### INSTRUCTIONS FOR THE TASK
Write out the entire listing below exactly, with the pictures left out.

### INFORMATION PROVIDED
┄┄┄┄┄┄┄┄┄┄

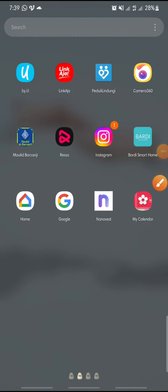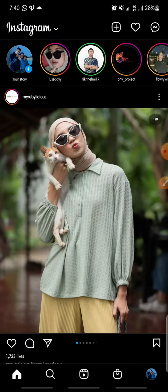Hello everyone, welcome back to this channel. In this video I'm going to show you how to create a folder for your saved posts on Instagram. Now let's get started — first, open your Instagram app.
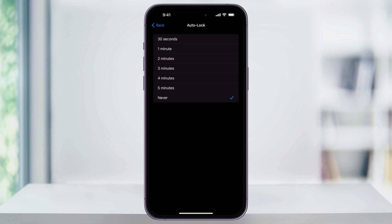It's important to note here that when Never is selected, your iPhone will remain on until you manually lock it or turn off the screen. This can be useful in situations where you need constant access to your screen, but know that it's going to drain your battery quicker. You can leave this set to Never as long as you need it, and then when you're finished, turn it back to another option like two minutes.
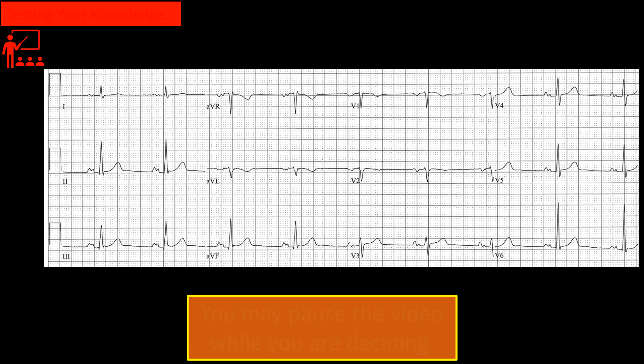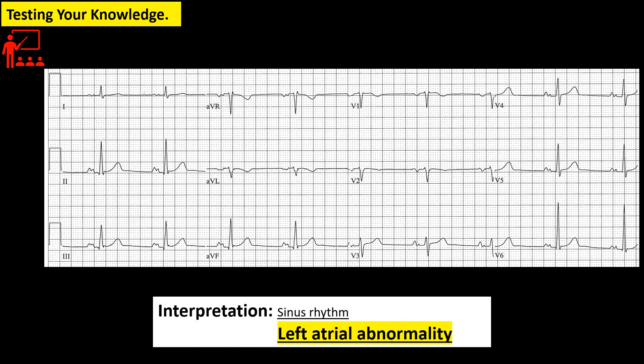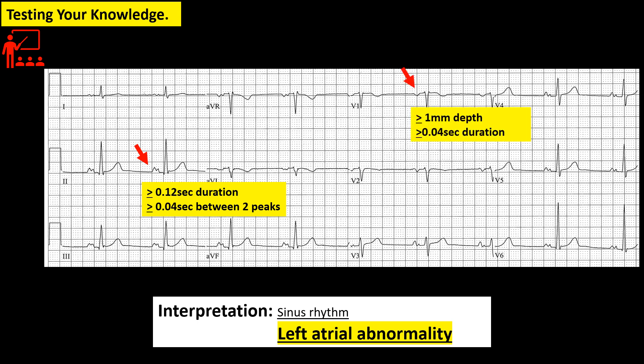How about this tracing? What is your reading? If your answer is left atrial enlargement or abnormality, then you are correct. The duration of P wave in lead V2 is 0.12 seconds, and the terminal negative deflection of P wave in lead V1 is at least 1 mm deep and more than 0.04 seconds in duration.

┄┄┄┄┄┄┄┄┄┄

### TASK ANSWER
Hello everyone, welcome back to this channel. In this video I'm going to show you how to create a folder for your saved posts on Instagram. Now let's get started — first, open your Instagram app.
It's important to note here that when Never is selected, your iPhone will remain on until you manually lock it or turn off the screen. This can be useful in situations where you need constant access to your screen, but know that it's going to drain your battery quicker. You can leave this set to Never as long as you need it, and then when you're finished, turn it back to another option like two minutes.
How about this tracing? What is your reading? If your answer is left atrial enlargement or abnormality, then you are correct. The duration of P wave in lead V2 is 0.12 seconds, and the terminal negative deflection of P wave in lead V1 is at least 1 mm deep and more than 0.04 seconds in duration.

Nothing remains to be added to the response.